Rejestr domen zakazanych miałby być obowiązkowym rozwiązaniem, do którego wszyscy musieliby się dostosować. Na witrynach podejrzanych brokerów pojawiałaby się informacja o ostrzeżeniu KNF, a na dalszej drodze KNF mógłby ubiegać się o całkowite wyłączenie strony.
Spóźniony pomysł?
Na proponowane rozwiązanie można spojrzeć dwojako.
Z jednej strony mamy do czynienia z cenzurą internetu, która niekoniecznie wszystkim może się podobać. Budzi to też wątpliwości w kwestii sposobu doboru kryteriów, które będą decydowały o tym jakie witryny mają zostać zablokowane. W końcu nielicencjonowany w Polsce podmiot to niekoniecznie oszust. Korzystając z usług indyjskiego brokera możemy zostać np. z dnia na dzień odcięci od naszych pieniędzy (dostępu do panelu klienta i platformy, kontaktu z brokerem).
Z drugiej strony, skala oszustw w ostatnich kilku latach pod przykrywką „inwestycji na rynku Forex” przybrała niewyobrażalnej skali. Od momentu spływania pierwszych zgłoszeń do chociażby umieszczenia podmiotu na publicznej liście ostrzeżeń mijało conajmniej kilka miesięcy. W tym czasie firmy działały bez większego problemu.
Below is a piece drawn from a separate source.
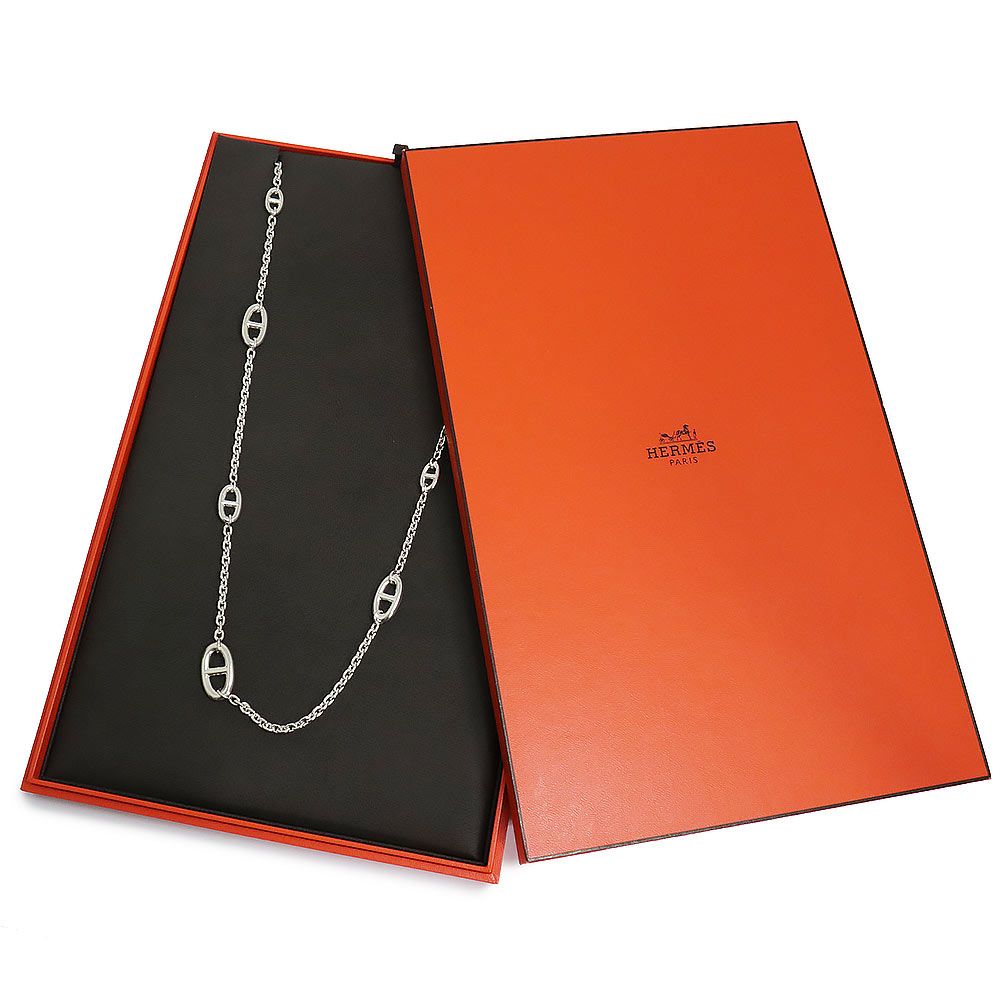 【美品】HERMES ファランドール シェーヌダンクル ネックレス 80cm HERMES/エルメス】 シェーヌダンクル ファランドール80 ロング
Jednak proceder w znaczącym stopniu został już ograniczony. Częste komunikaty ostrzegające ze strony KNF, ala głośnych zatrzymań policji i prokuratury skutecznie odstraszyły napływ nowych oszustów.
Według wstępnych szacunków możliwe jest, że zmiany wejdą w życie już na przełomie 2018-2019 roku. Pojawia się zatem pytanie czy pomysł nie jest spóźniony o przynajmniej 2-3 lata?